Object Rewriting Answer Key
About This Worksheet
This Grade 7 Language Arts worksheet helps students rewrite sentences so the receiver of an action appears in a different form. Each original sentence contains both a direct object and an indirect object, and students must restate it by using “to” or “for.” For example, “The player gave his coach a signed jersey” becomes “The player gave a signed jersey to his coach.” This shows students that the same idea can be expressed with more than one sentence pattern.
Learning Goals
The main goal is to help students understand how direct and indirect objects can be rearranged without changing the meaning. Students should already be able to identify both objects in a sentence. This activity moves them toward recognizing the difference between an indirect object and a prepositional phrase beginning with “to” or “for.” It supports CCSS.ELA-LITERACY.L.7.1 and CCSS.ELA-LITERACY.L.7.3 through sentence structure, grammar, and clear expression.
Student Tasks
On this worksheet, students will rewrite eight sentences by moving the indirect object into a phrase with “to” or “for.” After each rewrite, they will identify the direct object and indirect object in both versions.

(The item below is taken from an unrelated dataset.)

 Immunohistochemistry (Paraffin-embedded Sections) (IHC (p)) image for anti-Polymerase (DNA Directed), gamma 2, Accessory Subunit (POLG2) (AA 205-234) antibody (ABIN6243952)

The sentences use familiar actions such as giving, sending, showing, buying, reading, handing, and making. Students must keep the original meaning while changing the sentence structure correctly.
Common Challenges
Some students may add “to” or “for” but leave the original indirect object in place, creating a sentence that repeats the receiver. Others may choose the wrong preposition because some verbs naturally use “to” while others use “for.” Students may also think the noun inside the new prepositional phrase is still an indirect object in the same grammatical form. Remind them that the meaning stays the same, but the sentence structure changes.
Teaching Suggestions
A teacher can model one sentence in both patterns and place them side by side. Students can underline the direct object once and the receiver twice to see how each part moves. At home, a parent can say a sentence such as “I baked my friend cookies” and ask the child to restate it using “for.” This quick oral practice helps the new structure feel natural.
Worksheet Features
The worksheet includes eight sentence-rewriting tasks arranged in large boxes with room for full responses. Each example naturally works with “to” or “for,” giving students useful practice with both patterns. The directions also ask students to identify the objects after rewriting, which reinforces the grammar behind the change. This page works well for guided practice, homework, sentence-combining lessons, or a grammar assessment.